┌─ Source information
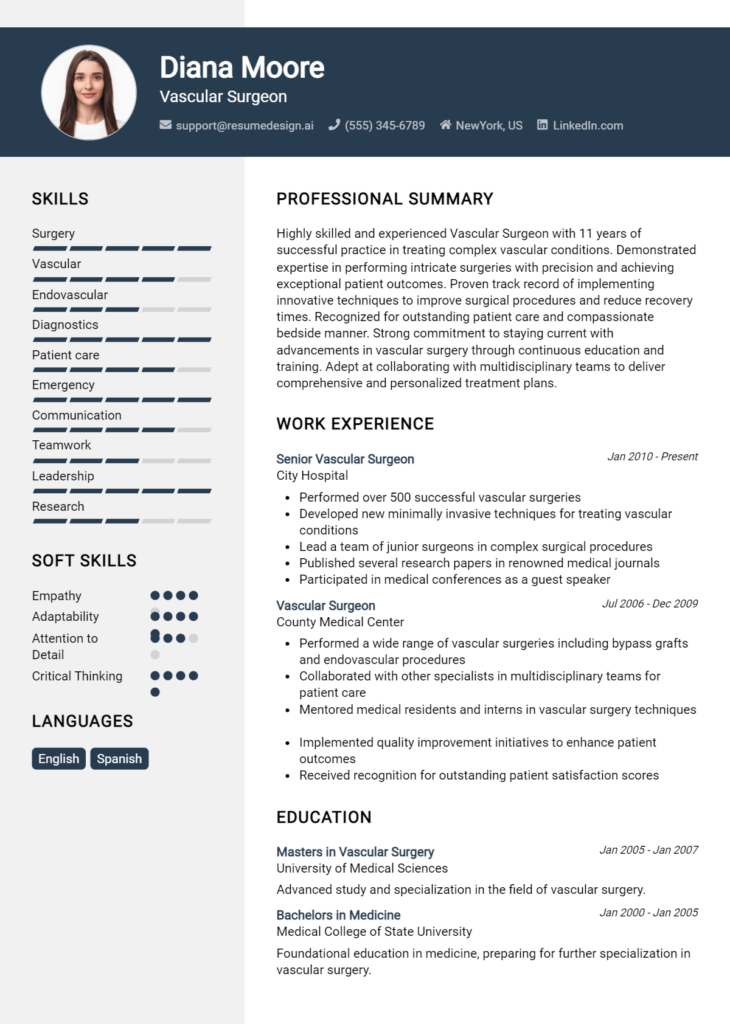 Vascular Surgeon Resume Example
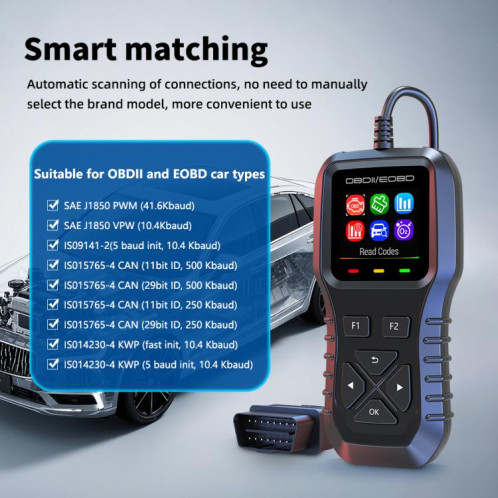 Outil de diagnostic OBDII K1 pour voiture, détecteur intelligent de pannes moteur (gris noir) SH101A365-013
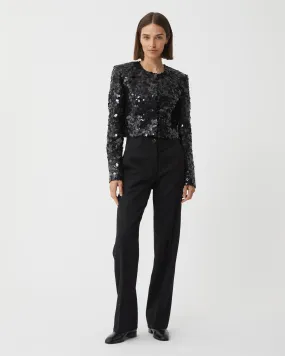 Maeve Jacket in Chaos Sequin, Black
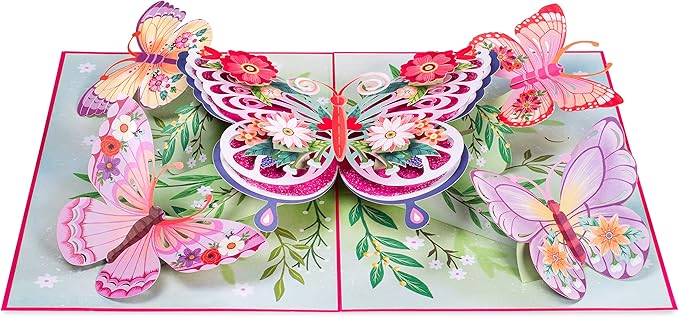 Paper Love 3D Pop Up Card, Jumbo Displayable Art, Gift for Birthday, Wedding, Anniversary, Mothers Day, Get Well, All Occasion - 10" x 14" Cover - Includes Envelope and Note Card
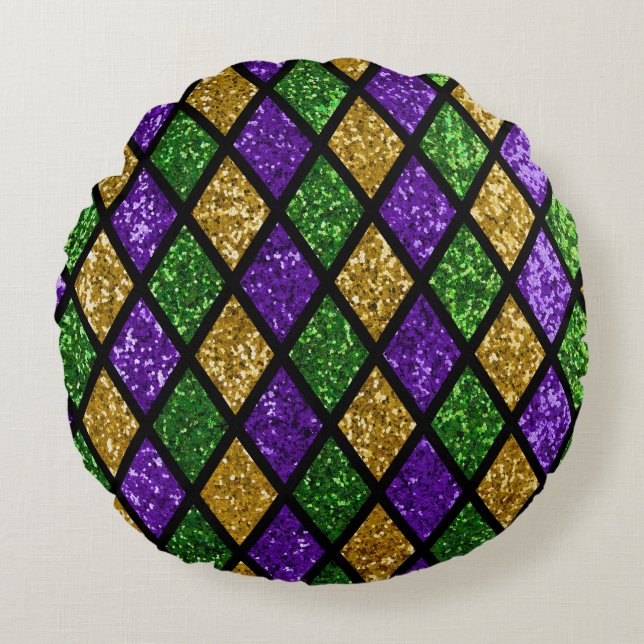 Glittering paillettes diamonds, festive background round cushion (Front)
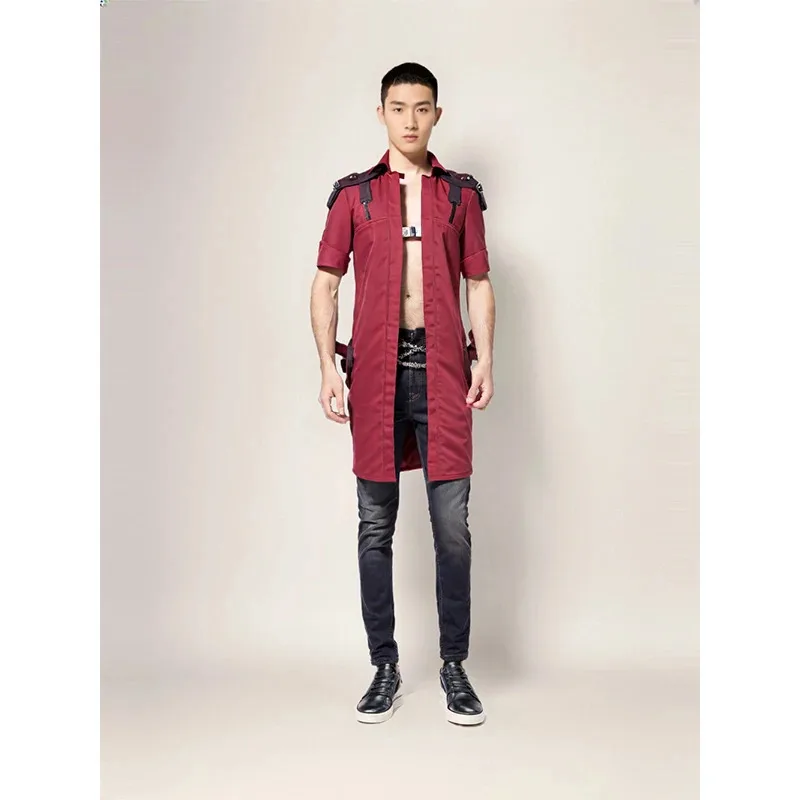 

qa156DMC 5, Devil May Cry Dante, куртка для косплея, костюм для мужчин, карнавальный костюм для ролевых игр на Хэллоуин с перчатками, игровое пальто для взрослых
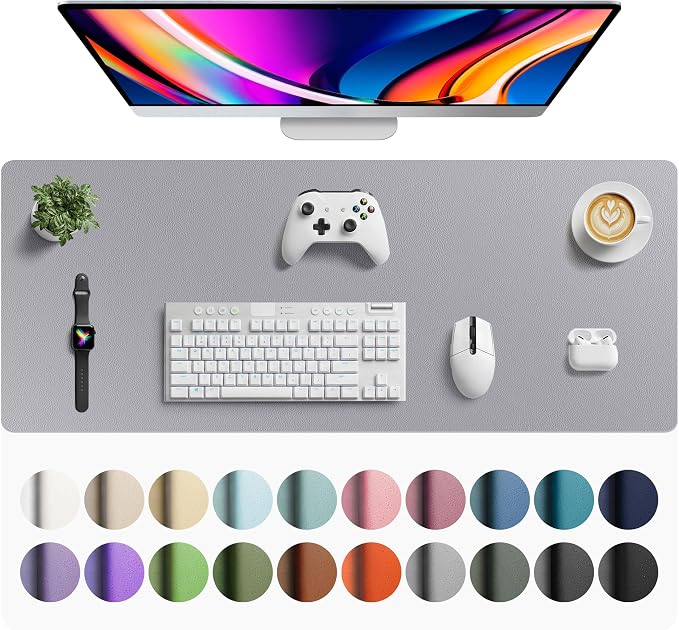 Aothia Faux Leather Desk Mat - Large Mouse Pad, Non-Slip PU Leather Blotter, Waterproof Writing Surface for Office and Home (Light Grey, 42" x 17") by AothiaSimpleNaturalUnique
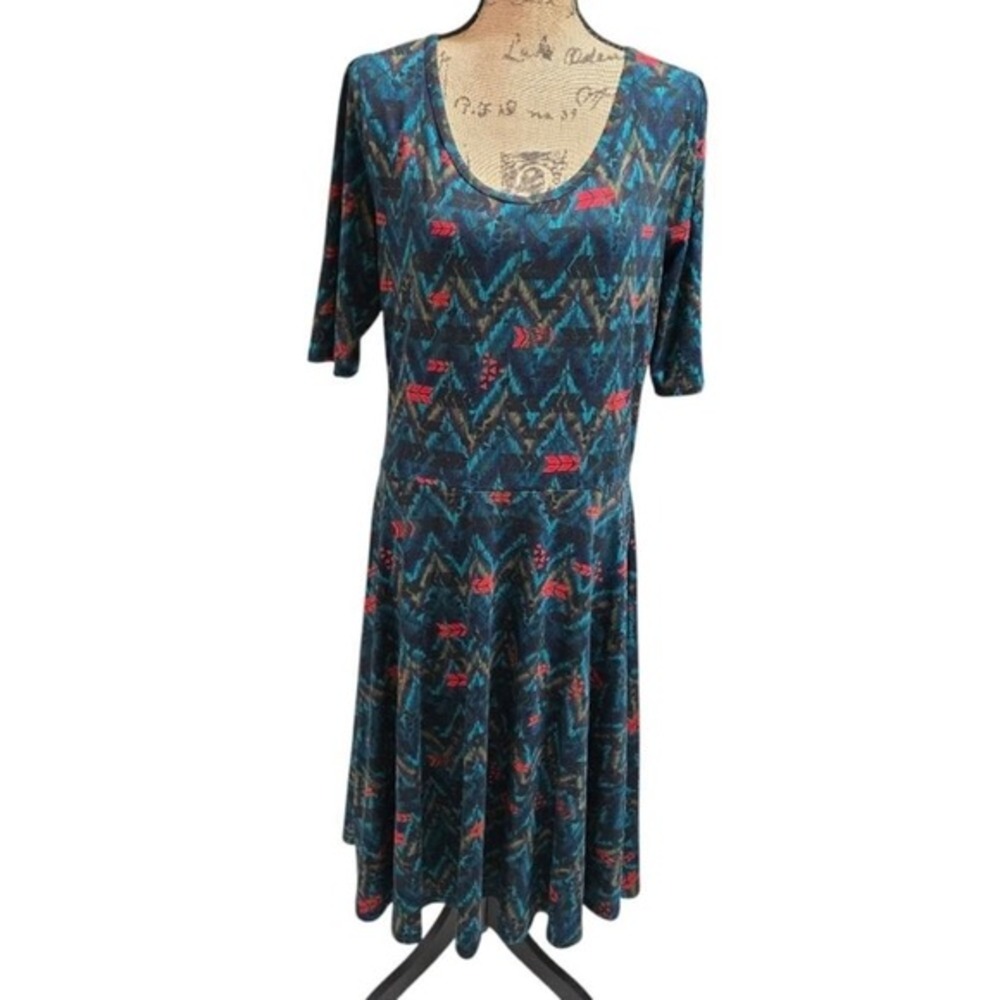 LuLaRoe Nicole Teal Midi Dress‎ Aztec Print Scoop Neck 3/4 Sleeve Casual 2X New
└─
#### Exercise brief:
Please output, exactly as written, the lines above from the one holding "Glittering paillettes diamonds, festive" through the one holding "qa156DMC 5, Devil", both included, with the pictures omitted.

#### Exercise result:
 Glittering paillettes diamonds, festive background round cushion (Front)

qa156DMC 5, Devil May Cry Dante, куртка для косплея, костюм для мужчин, карнавальный костюм для ролевых игр на Хэллоуин с перчатками, игровое пальто для взрослых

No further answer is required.